The Observer has been covering the fight for LGBT rights in this state a long time, sons and daughters. Before it was a thing. All the way back to the days when a sizable percentage of people were perfectly willing to use the word "fag" when speaking to a guy they knew for a fact was writing stuff down for the newspaper. That's a long time ago, and thank God.
As a reporter, The Observer has marched with LGBT folks, simultaneously trying to talk, walk, write, hold a recorder and avoid stepping in a pothole. I stood with them as the Evangelical masses streamed past into Huckabee's Verizon Arena marriagepalooza some years back, the gay and lesbian kids there handing out little white stones inked with that famous Bible verse about what Ye Who Is Without Sin could do with them. Thankfully, none of the faithful felt sufficiently Christlike enough to lob them back. I stood in the cold wind up in Pleasant Plains as a line of people protested a school board member who took to Facebook to say that he hoped all fags would kill themselves, and that he would disown his children if they turned out to be gay. I've sat in American kitchens and living rooms, pictures of American families smiling down from the walls, and heard American children talk about being tormented until a gun or razor or handful of pills seemed preferable to living one more day. I've sat through hearings where the fundamental equality of adult people in that very room was debated. I've talked to Arkansans who have been beaten and abused, ridiculed and menaced, turned away from jobs, stores, restaurants, courthouses, schoolhouses and churchhouses, solely because they are LGBT. Last year, I talked to a woman who buried the ashes of dozens of men in her family cemetery down in Hot Springs after their families had refused even their bodies, solely because they had committed the sin of being gay and dying of AIDS. When I finished that story, I sat in my office alone, deep in the night, and wept like I haven't since I was a child. For the dead. For her bravery. For the sheer ugliness and loveliness of these wretched creatures we are, so full of goodness and hate, all our loss and redemption tied up in the great Gordian knot of these flawed human hearts.
So when the news came over the radio Friday that LGBT folks could finally be married all over this country, I had to wheel the Mobile Observatory to a curb downtown and sit there for a while before I could drive on.
I am not gay. I am not lesbian or transgender. But I say this now with all my heart: I would be proud to be. As I have said before in this space and elsewhere, the bravest people I know, bar none, are LGBT. I know cops and firefighters. I know doctors and nurses. I know soldiers and men with the pale scars of many fistfights. But there are LGBT people I know who beat them all in the bravery department. Many of those same folks are my personal heroes. They are the ones who say: "I believe that my right to be the person I was born to be and to love who I want to love is worth any sacrifice, up to and including my life." Is that not the very definition of bravery?

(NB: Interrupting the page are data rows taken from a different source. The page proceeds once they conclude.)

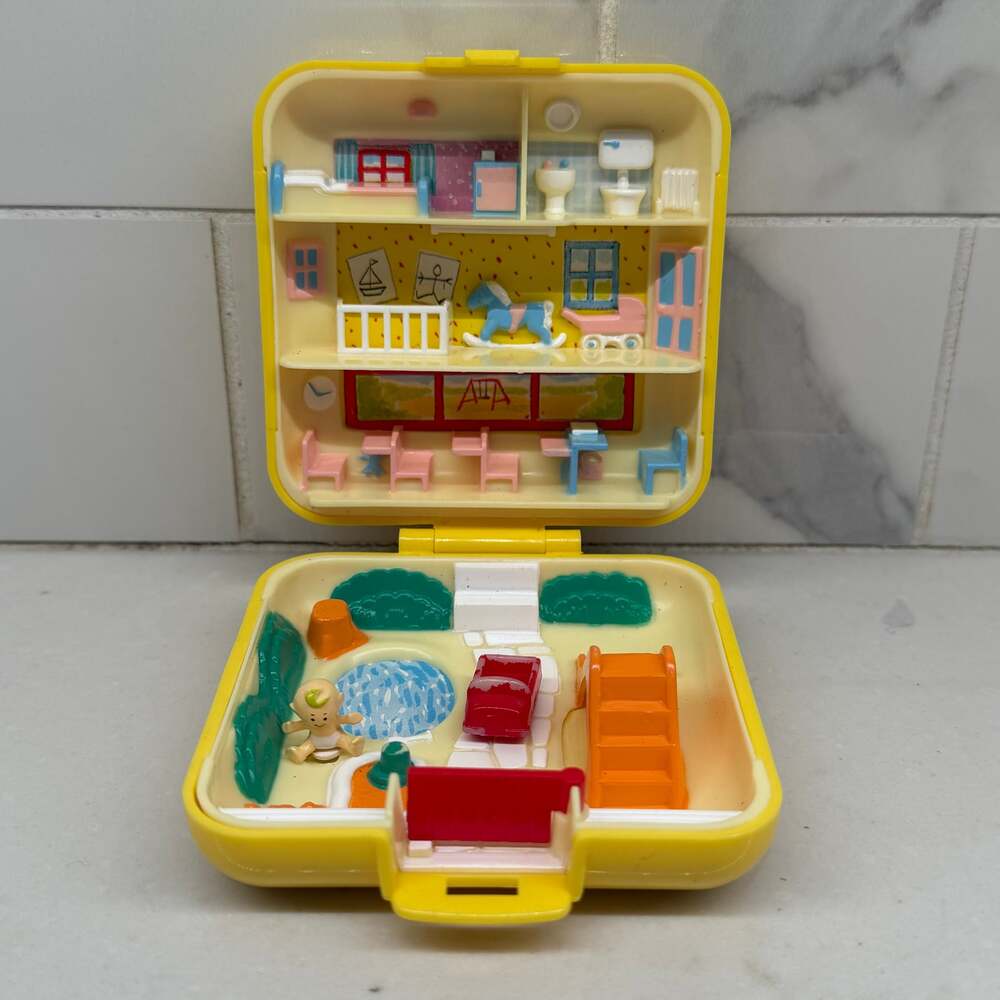Vintage Polly Pocket 1989 Midge's Play School Set ~ Includes baby & car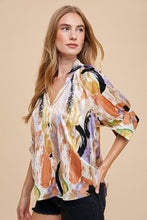 Load image into Gallery viewer, Multi Color Printed V-Neck  Top
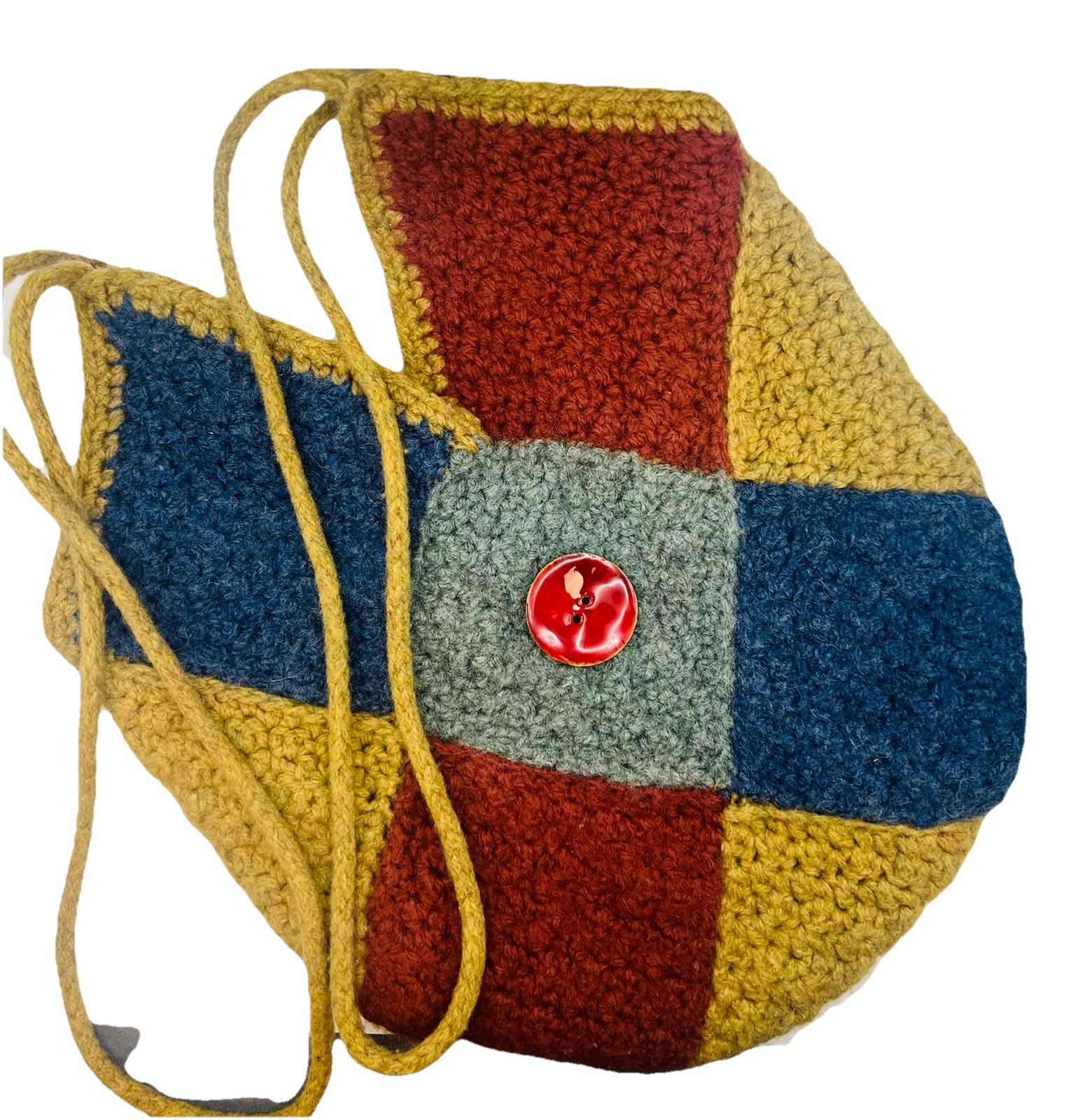 Handmade Crochet Wool Multicolor Patchwork Bag Purse String Handle BOHO w Button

I have come to believe that reporter years are like dog years. Doesn't seem like jotting in a notebook would take so much out of you, but it does. As Indiana Jones said: It's the mileage.
That said, the soon-to-be 41-year-old who was all of 27 when he started covering LGBT rights in this state managed to get his shoes on and make the rounds of the parties Friday night. I saw many of those I've walked with before. We recalled the old days. I shook hands, hugged some, thanked most.
A lot of us have grown up in this fight, one of them told me. And The Observer could only nod my graying head, swallow down that lump in my throat, and smile.